Dermatomyositis is a muscle disease that involves inflammation and a skin rash. Polymyositis is a similar inflammatory condition, that also involves muscle weakness, swelling, tenderness, and tissue damage but no skin rash. Both are part of a larger group of disease called inflammatory myopathy.

Causes

The cause of dermatomyositis is unknown. Experts think it may be due to a viral infection of the muscles or a problem with the body's immune system. It may also occur in people who have cancer in the abdomen, lung, or other parts of the body.

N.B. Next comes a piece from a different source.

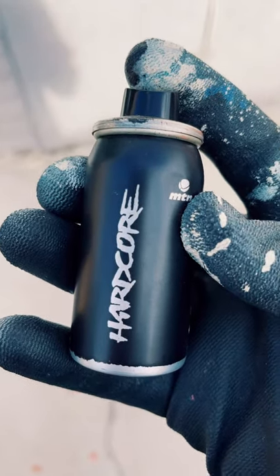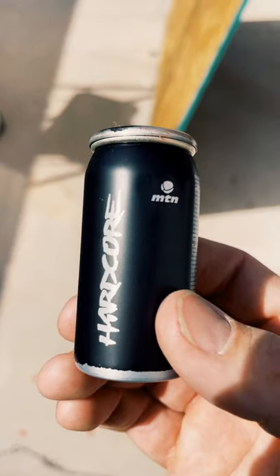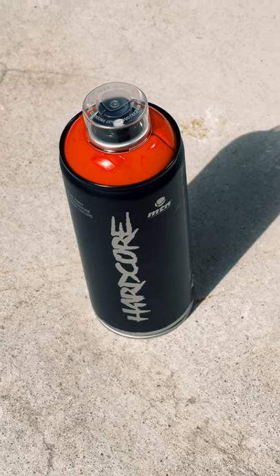We're gonna refill this empty micro can. Putting the micro can in the freezer for a little bit will help keep the pressure low on it. Leave your feeder can in the sun — it'll increase the pressure a little bit.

Anyone can develop this condition. It most often occurs in children age 5 to 15 and adults age 40 to 60. It affects women more often than men.

Symptoms

 

Symptoms may include:

  • Muscle weakness, stiffness, or soreness
  • Problems swallowing
  • Purple color to the upper eyelids
  • Purple-red skin rash
  • Shortness of breath

The muscle weakness may come on suddenly or develop slowly over weeks or months. You may have trouble raising your arms over your head, getting up from a sitting position, and climbing stairs.

The rash may appear on your face, knuckles, neck, shoulders, upper chest, and back.

 

Exams and Tests

 

The health care provider will do a physical exam. Tests may include:

  • Bloods test to check levels of muscle enzymes called creatine phosphokinase and aldolase
  • Blood tests for autoimmune diseases
  • ECG
  • Electromyography (EMG)
  • Magnetic resonance imaging (MRI)
  • Muscle biopsy
  • Skin biopsy
  • Other screening tests for cancer
  • Chest x-ray and CT scan of the chest
  • Lung function tests
  • Swallowing study
  • Myositis specific and associated autoantibodies

 

Treatment

 

The main treatment is the use of corticosteroid medicines. The dose of medicine is slowly tapered off as muscle strength improves. This takes about 4 to 6 weeks. You may stay on a low dose of a corticosteroid medicine after that.

Medicines to suppress the immune system may be used to replace the corticosteroids. These drugs may include azathioprine, methotrexate or mycophenolate.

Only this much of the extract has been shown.